| What you will do |
Only the lines from the one that contains "Cubilux AS-R1 4-Way" through the last line of the data below should be duplicated, exactly and without pictures.

| Dataset excerpt |

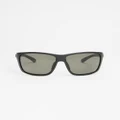 Volcom - Roll Sunglasses Matte Black - Sunglasses (Grey) Roll Sunglasses Matte Black
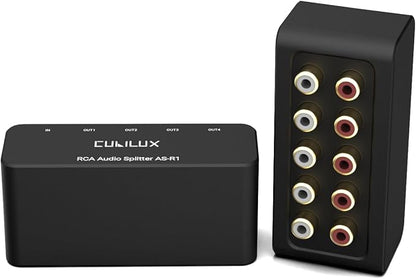 Cubilux AS-R1 4-Way Audio Splitter Box by Cubilux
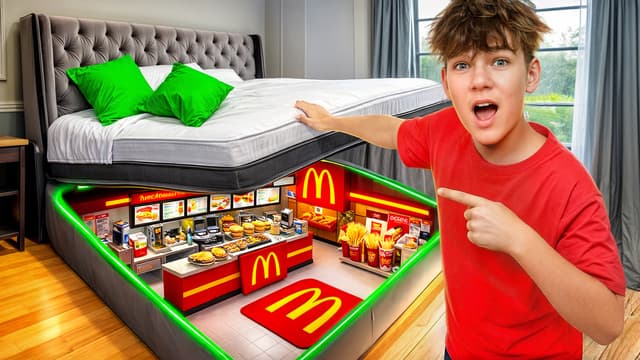 S01:E06 - I Built Secret Mcdonalds & Extreme Weather Challenge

| Response to this task |
 Cubilux AS-R1 4-Way Audio Splitter Box by Cubilux
 S01:E06 - I Built Secret Mcdonalds & Extreme Weather Challenge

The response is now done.